This actually isn't quite true, and is a big reason why breaking ABI is so problematic when FFI is involved. Even when no pointers are involved, the only thing used to link two functions together is the (mangled) name. If the arguments don't match in any way, that's on you, and can't be caught by the tooling.

A tool like cxx marks declaration of the FFI unsafe but calling it safe, matching your interpretation here. But despite cxx doing a significant amount to ensure that the signatures you've declared match the FFI ones, declaration remains unsafe because the assertion that the other side is sound is still on you.

If the evaluated script language is intended to be sound (by Rust's definition of un/safe), then evaluating a script should be safe. If the script language allows doing things which Rust considers unsafe, then evaluating it should require an unsafe assertion that it doesn't.

3 Likes

Yes, the ABI itself is only the mangled symbol name, but virtually FFI in any language used today (excluding Assembly, for obvious reasons) requires that you declare the arguments and the return type of the foreign function.
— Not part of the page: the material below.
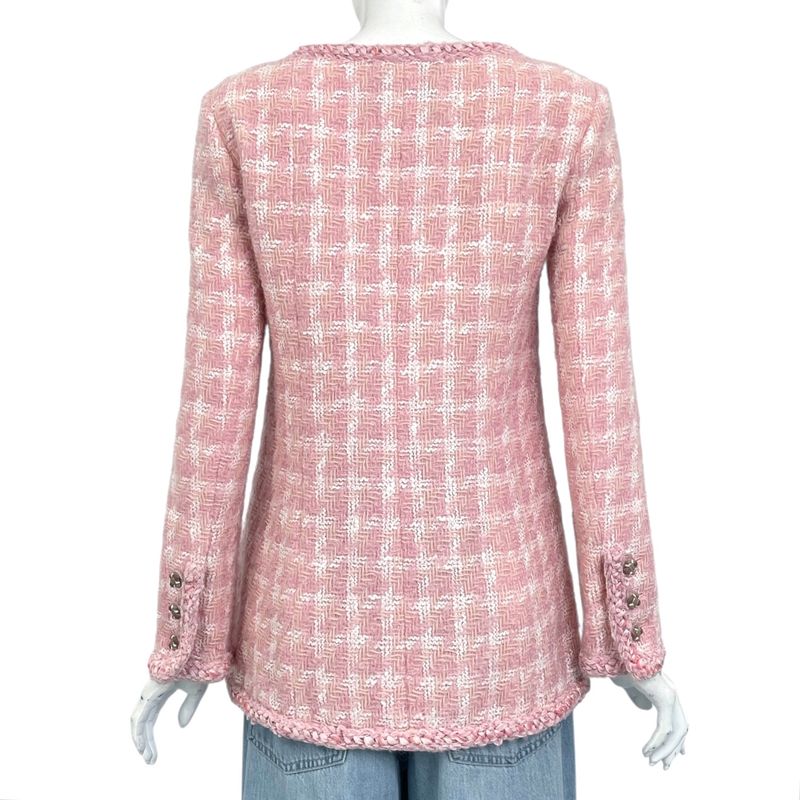 Chanel 2014 Jacket Tweed Gripore Wool Pink Worn By Lady Gaga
FFI for non-pointer primitives is solved at the declaration level, and for languages that can declare structs with C representation (like Rust) it's a solved problem for non-primitives as well - as long as no pointers are involved. My point is that the main problem of FFI, the main reason why Rust forces extern functions to be unsafe and demands to always have a wrapper, is when pointers are involved.

unsafe should refer to the interface level, not the implementation level. When I write unsafe { foo.unwrap_unchecked() } it does not mean "I've looked at the implementation of Option::unwrap_unchecked, read the Rust compiler code that builds it, studied the architecture of the processor that runs it, and researched the laws of physics that govern the whole thing, and I can personally vouch that this function does not do any undefined behavior". No. What it means is "I've read the documentation of Option::unwrap_unchecked, specifically the Safety part that specifies the conditions under which this function may result in undefined behavior, and I attest that in this specific case where I use it these conditions are not met".

There is no such thing as "unsafe assertion" because the unsafe keyword is not an assertion - it will not panic!() when called on code that's not actually safe, it'll just UB. This keyword is only useful to draw attention to a particular interface that needs a human programmer to check its invariances - because the compiler cannot. When I write unsafe { foo.unwrap_unchecked() } I promise (not assert!) that foo I've checked manually and foo is not going to be None. When I write unsafe { rustyfoo::eval("some_function()") } - what can I promise about the safety of some_function() that wouldn't be a lie?

There is a place for vetting and auditing code, but unsafe is not it.

And what happens if you get those wrong? Nothing will stop you, and you'll get UB if you attempt to call it. That's the point I'm making: the compiler doesn't and can't enforce that the signature matches. (And if a tool does validate signatures against a header, there's nothing preventing it from doing the same for the types behind pointers just the same it does for by-value arguments.)

...yes? Whatever language you're binding to will have the same documentation which documents when it is sound to call and when it isn't. eval should be unsafe if an arbitrary block of script could have a safety prerequisite, to indicate that you've read and upheld it, or safe if they can't.

I'm not asking you to prove that the evaluated code doesn't cause UB, just that it's not intended to not cause any UB.

Am I not allowed to use "assert" in the plain english fashion? When someone says "unsafe assertion" or "unchecked assertion," they're referring to exactly that: you're asserting/claiming/promising that some condition is true, but not checking at runtime that it holds, just assuming.

Exactly the same proof burden as writing unsafe { some_function() } -- that any documented prerequisites of some_function have been satisfied.

I'm just saying that you shouldn't be able to write rustyfoo::eval("unreachable_unchecked()") and cause UB without writing unsafe, if the scripting language allows you to do so. If the scripting language is at least as free of UB as safe Rust, then eval doesn't need to be unsafe.

1 Like